Title VII Pre-emption:
Defendant lastly maintains that plaintiff's claims are preempted by Title VII. Defendant cites Snider v. Circle K Corp., 923 F.2d 1404, 1408-09 (10th Cir. 1991), in support of this proposition. In Snider, the Tenth Circuit held a plaintiff seeking relief for breach of a Title VII settlement agreement was not entitled to a jury trial. The appellate court did not specifically address whether Title VII preempts state contract claims. Plaintiff refers the court to Johnson v. Celsius Energy Co., No. C88-0227-B, slip op., 1989 WL 260154 (D.Wyo. February 28, 1989). In that case, Chief Judge Brimmer held that a provision in an employee handbook prohibiting unlawful discrimination could be found by a jury to negate employment at will. Id. at 9-10. Plaintiff has properly raised state claims which are not pre-empted by Title VII.

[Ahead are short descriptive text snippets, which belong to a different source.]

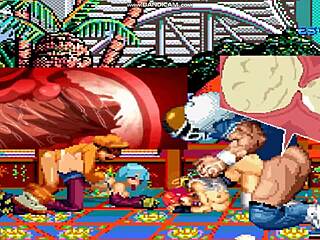 I found these hentai mugen lost viddeos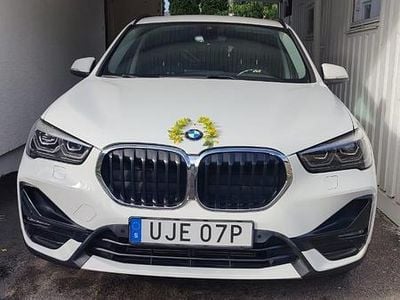 Begagnad 2021 BMW X1 SUV | 270 000 kr (Marknadspris)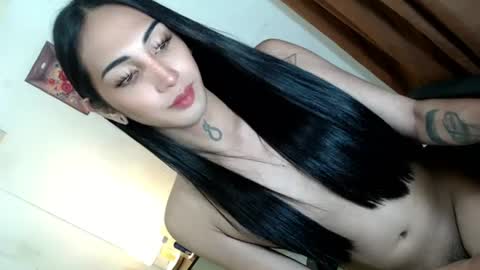 Mazikeen 666 online show from August 13, 7:11 am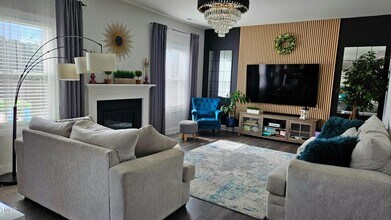 45 Tea Olive Ct in Clayton, NC - Building Photo - Building Photo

ACCORDINGLY, IT IS ORDERED that defendant Sun's Motion for Partial Summary Judgment is DENIED.
NOTES
[1]  All factual recitations in this Order have been alleged in plaintiff's Complaint.
[2]  Similar language is found in the 1988 Incentive Compensation Plan.
[3]  Defendant relies on Ferrera v. Nielsen, 799 P.2d 458 (Colo.App.1990). In that case, the Colorado Court of Appeals stated:

Summary judgment denying claims based upon a handbook is appropriate if the employer has clearly and conspicuously disclaimed intent to enter a contract limiting the right to discharge employees.
Id. at 461. Were this a wrongful discharge case, Ferrera would be applicable, as the compensation plans clearly disclaim the formation of an employment contract. See Backman v. Visual Graphics Corp., No. 90-F-342, slip op. at 5 (D.Colo. December 28, 1990). Under the present facts, Ferrera is not on point.
[4]  The Tuttle court stressed the use of the term "commit" in conjunction with statements made about desired working environment.
[5]  The Colorado Supreme Court disagreed with the Price court's analysis of an outrageous conduct claim in Churchey v. Adolph Coors Co., 759 P.2d 1336, 1351 n. 7 (Colo.1988).